Sermon for Epiphany, 2008
Fr. Tim Fountain

When I was in the Army, there was a cadence chant we used when running too far, too early in the morning:

Everywhere we go
People want to know
Who we are
Where we come from
So we tell them
We are…

My sermons through January will take their titles from this chant:
  • Jan. 6 - Who we are
  • Jan. 13 - Where we come from
  • Jan. 20 - So we tell them
  • Jan. 27 - We are…


1) We are people chosen by God.

  • The "wise men from the East" (Matthew 2:1-12) stand for God making himself known to all of our pagan ancestors, and to all of us.

  • When Jesus was born, the Jewish people stood in an exclusive relationship with God, but in Jesus God offered this relationship to all people. As our lesson from Ephesians says, In former generations this mystery was not made know to humankind, as it has now been revealed to his holy apostles and prophets by the Spirit: that is, the Gentiles have become fellow heirs, members of the same body, and sharers in the promise in Christ Jesus through the gospel.

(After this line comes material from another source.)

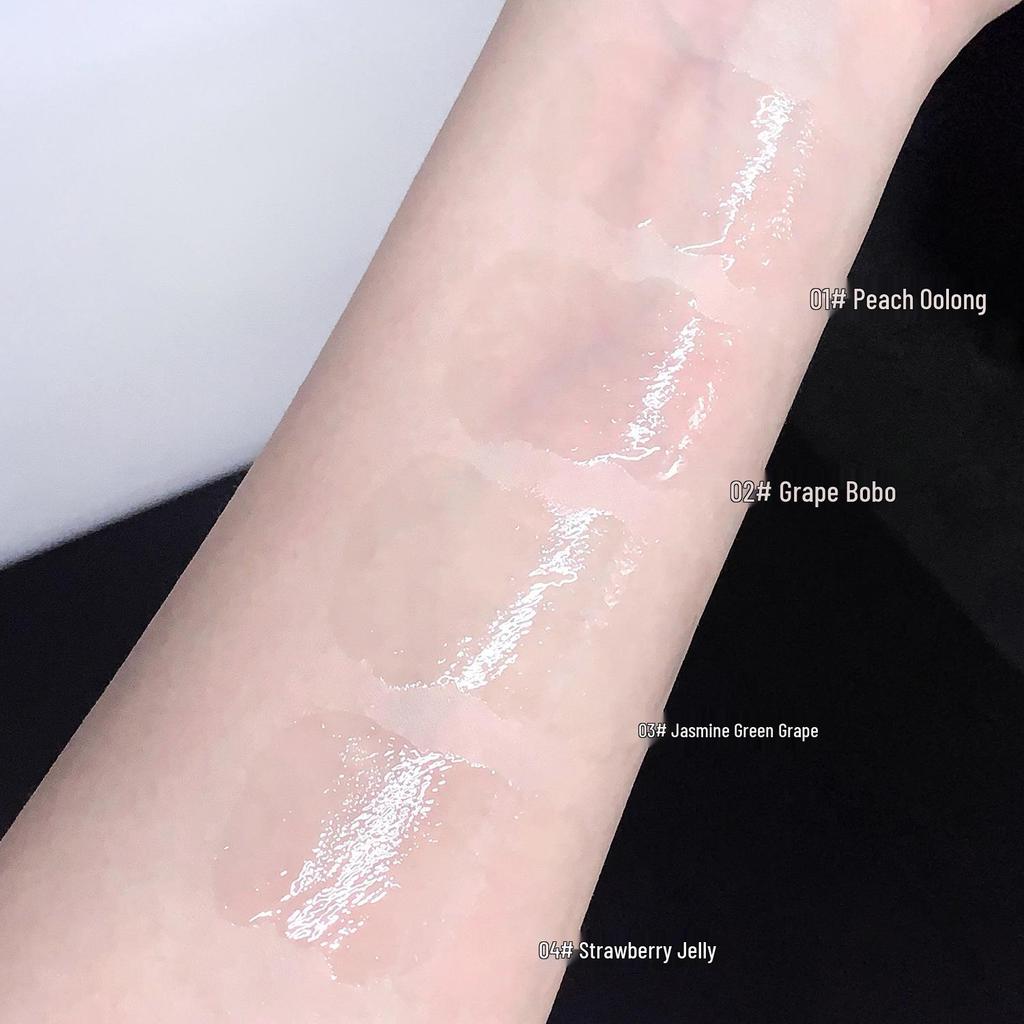 SHAQINUO Strahlendes Frucht-Extrakt Lippenöl-Kapseln: Feuchtigkeitsspendender & Hydratisierender Gloss für rissige Lippen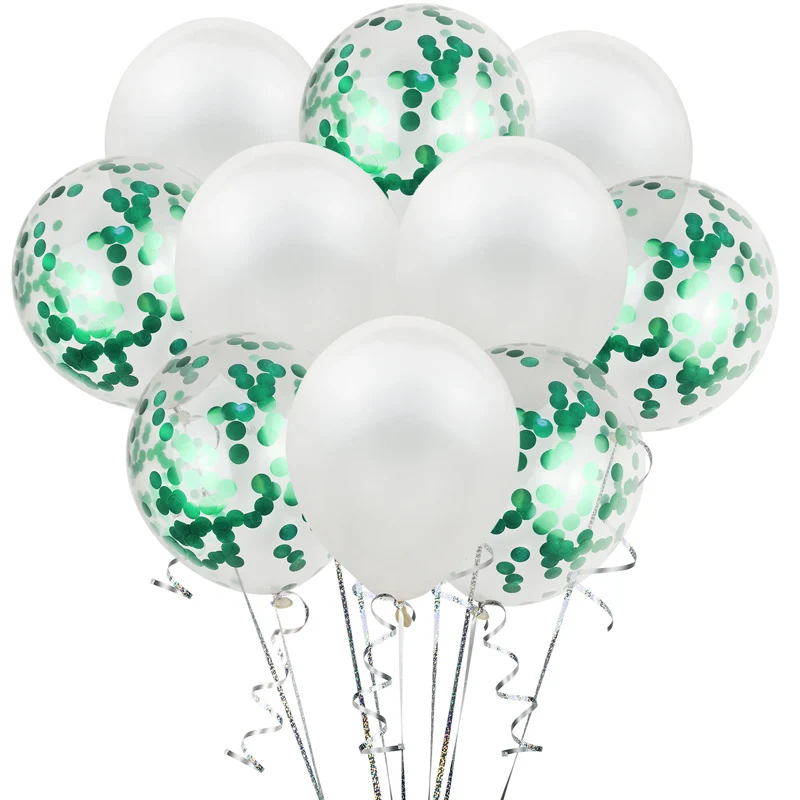 10pcs/lot 12inch Latex Balloons And Colored Confetti Birthday Party Decorations Mix Rose Wedding Decoration Helium Ballon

  • Romans11:17-18. We are people who God loves and brings to himself, like branches (Gentiles) grafted into a rooted tree (Jews), or like the wise men following the God-given star.

  • We travel from all kinds of backgrounds because God has pointed us toward his presence in Jesus Christ.

2) We are (we should be) people who point to Jesus.

  • Today we celebrate "Epiphany" – a Greek word meaning "manifestation." To "manifest" is to make something "apparent to the senses or the mind, obvious, to show plainly or reveal" (Webster’s New World Dictionary).

  • The theme of this day and this church season is that God is manifested in Jesus Christ.

  • John 1:14. Pointing to Jesus as THE Epiphany of God is what separates us from all other religions or philosophies.

3) We are good news to some and bad news to others.

  • The presence of God in Jesus is good news to some, such as the wise men who were "overwhelmed with joy."

  • But the presence of God in Jesus is a challenge to others: "King Herod was frightened."

  • II Corinthians 2:15-16. Just by being people who are chosen by God and who point to Jesus, we will bring joy to people who seek God and we will offend those who are rejecting him.

4) We are stewards of resources to use in God’s service.

  • We have time. The wise men read a sign in the heavens. Paul was in the right "generation" to spread the news of Jesus Christ. We all exist in a time with special relevance to God’s plan. Our moments have meaning.

  • We have talent. Our lesson from Ephesians says, Of this gospel I have become a servant according to the gift of God’s grace that was given me by the working of his power. We all have "spiritual gifts," given by God to use in his service. Our ministries have meaning.

  • We have treasure. The wise men honored Christ with costly gifts, not to mention the costs they incurred by their long journey. The gold they gave might well have provided for Jesus’ family during a time when they had to hide out from King Herod. Our money has meaning.

"Who we are" is a gift from God, and we are recognized by what we do with it:

  • Do we worship well, thanking God from our hearts for choosing us as his own?

  • Do we take opportunities to point to Jesus so others can find him?

  • Do our words and actions have enough of Jesus to encourage some people and aggravate others?

  • Do we use our meaningful moments, ministries and money to honor Jesus?

In the Name of the Father and of the Son and of the Holy Spirit. Amen.